══ Records supplied ══

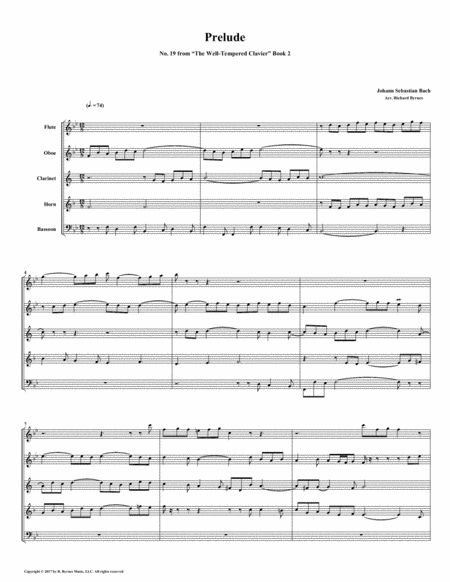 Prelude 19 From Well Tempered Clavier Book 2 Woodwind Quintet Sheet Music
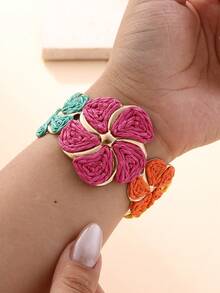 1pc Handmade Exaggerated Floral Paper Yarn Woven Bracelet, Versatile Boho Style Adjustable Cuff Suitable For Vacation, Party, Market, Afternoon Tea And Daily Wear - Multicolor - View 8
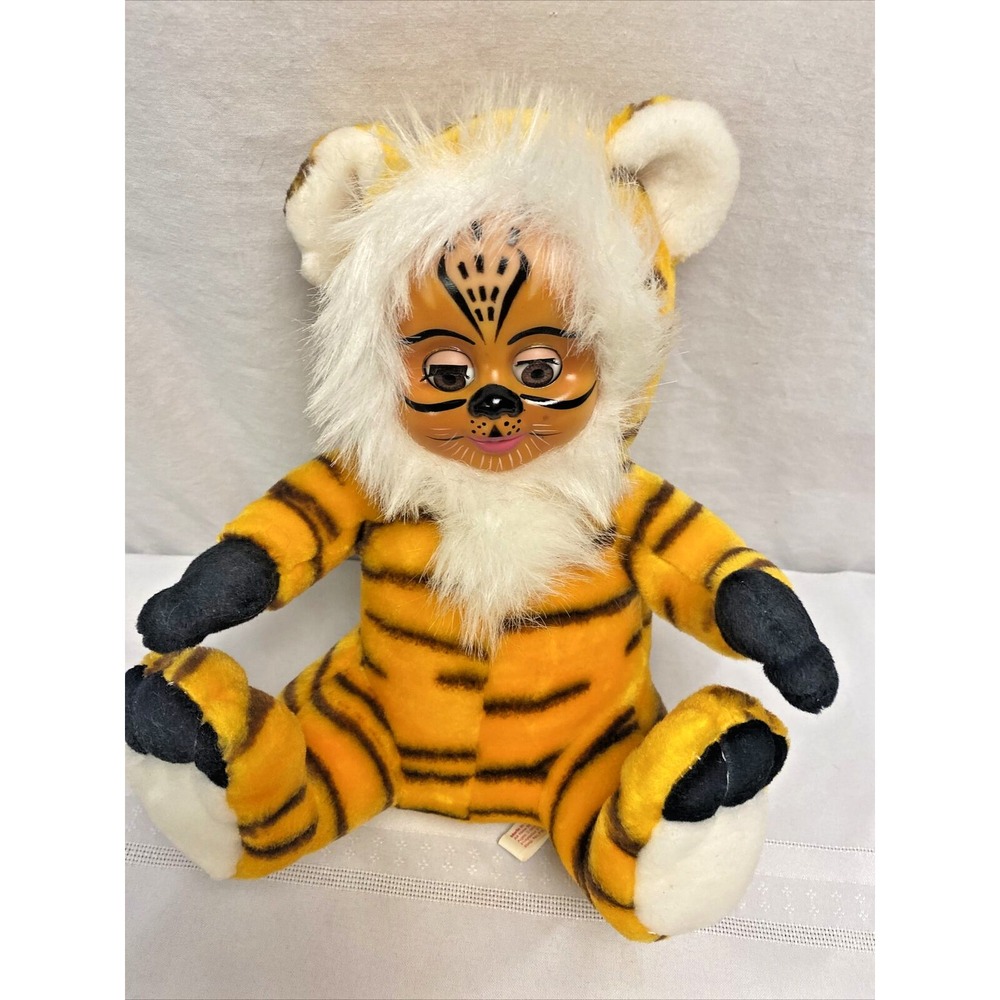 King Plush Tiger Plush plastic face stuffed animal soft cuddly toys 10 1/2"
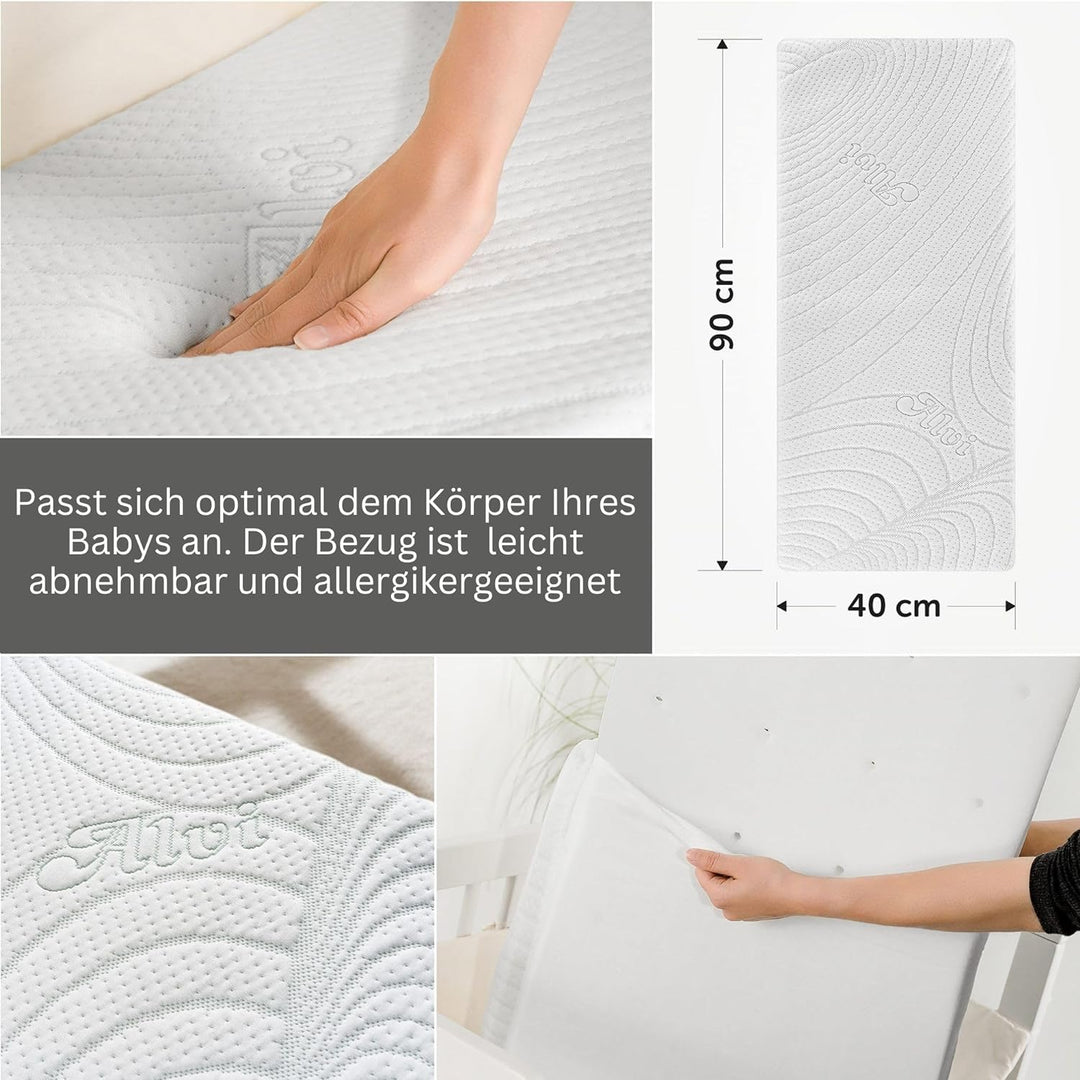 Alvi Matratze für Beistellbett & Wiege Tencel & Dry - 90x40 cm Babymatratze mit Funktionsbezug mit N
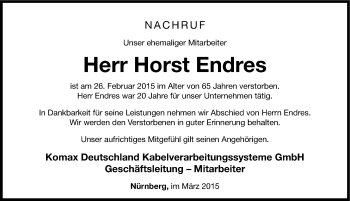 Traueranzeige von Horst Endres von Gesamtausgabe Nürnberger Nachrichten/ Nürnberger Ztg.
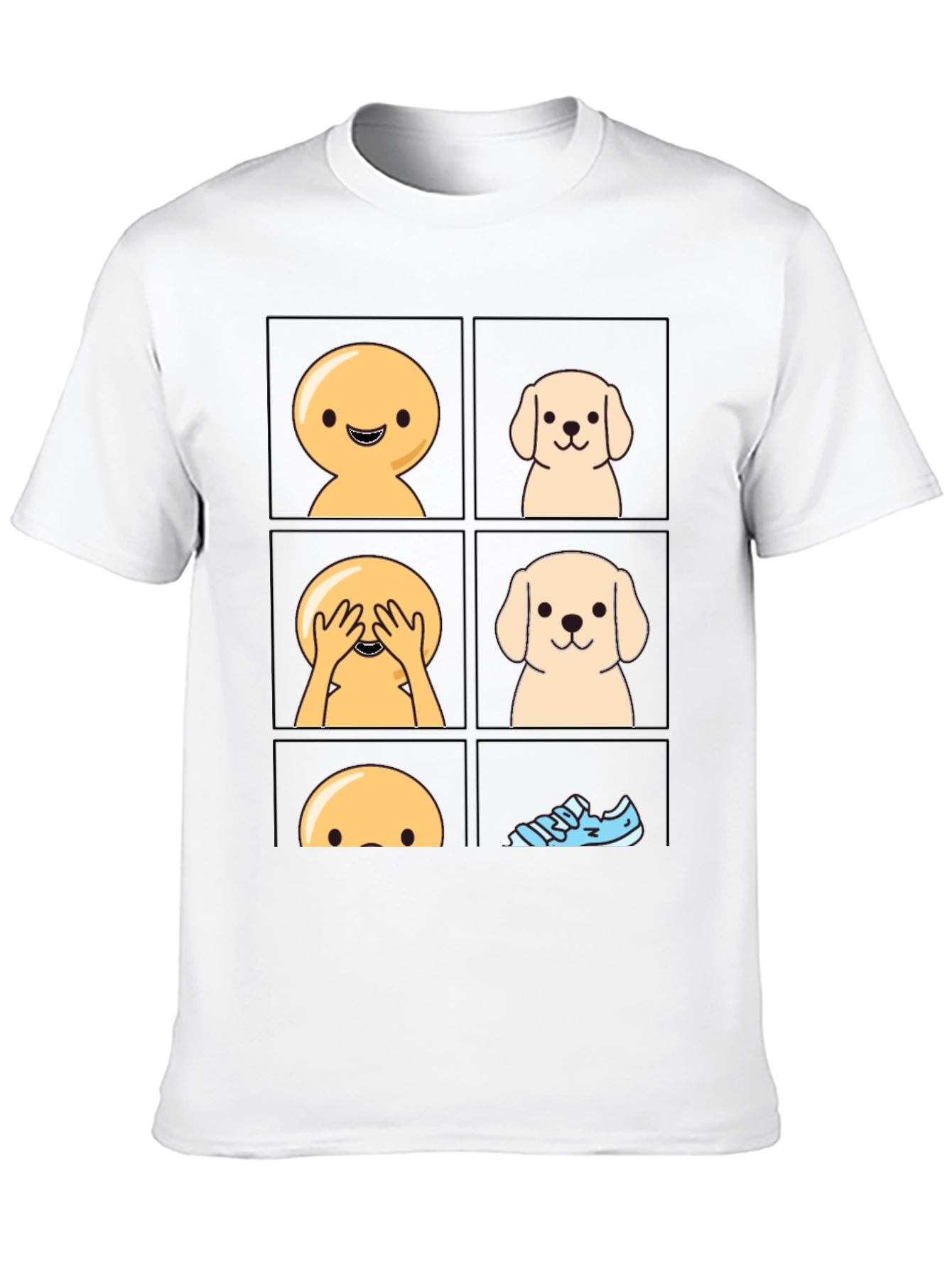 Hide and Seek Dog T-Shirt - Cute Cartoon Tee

═══
══ Records supplied ══

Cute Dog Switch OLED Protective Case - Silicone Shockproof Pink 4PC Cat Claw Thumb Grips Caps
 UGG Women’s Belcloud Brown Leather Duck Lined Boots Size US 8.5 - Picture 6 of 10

═══

Exercise: Look above for the line containing "Prelude 19 From", then write out every line from there down to the line containing "Hide and Seek Dog T-Shirt - Cute Cartoon Tee", that line included, with no pictures.

Result of the exercise:
 Prelude 19 From Well Tempered Clavier Book 2 Woodwind Quintet Sheet Music
 1pc Handmade Exaggerated Floral Paper Yarn Woven Bracelet, Versatile Boho Style Adjustable Cuff Suitable For Vacation, Party, Market, Afternoon Tea And Daily Wear - Multicolor - View 8
 King Plush Tiger Plush plastic face stuffed animal soft cuddly toys 10 1/2"
 Alvi Matratze für Beistellbett & Wiege Tencel & Dry - 90x40 cm Babymatratze mit Funktionsbezug mit N
 Traueranzeige von Horst Endres von Gesamtausgabe Nürnberger Nachrichten/ Nürnberger Ztg.
 Hide and Seek Dog T-Shirt - Cute Cartoon Tee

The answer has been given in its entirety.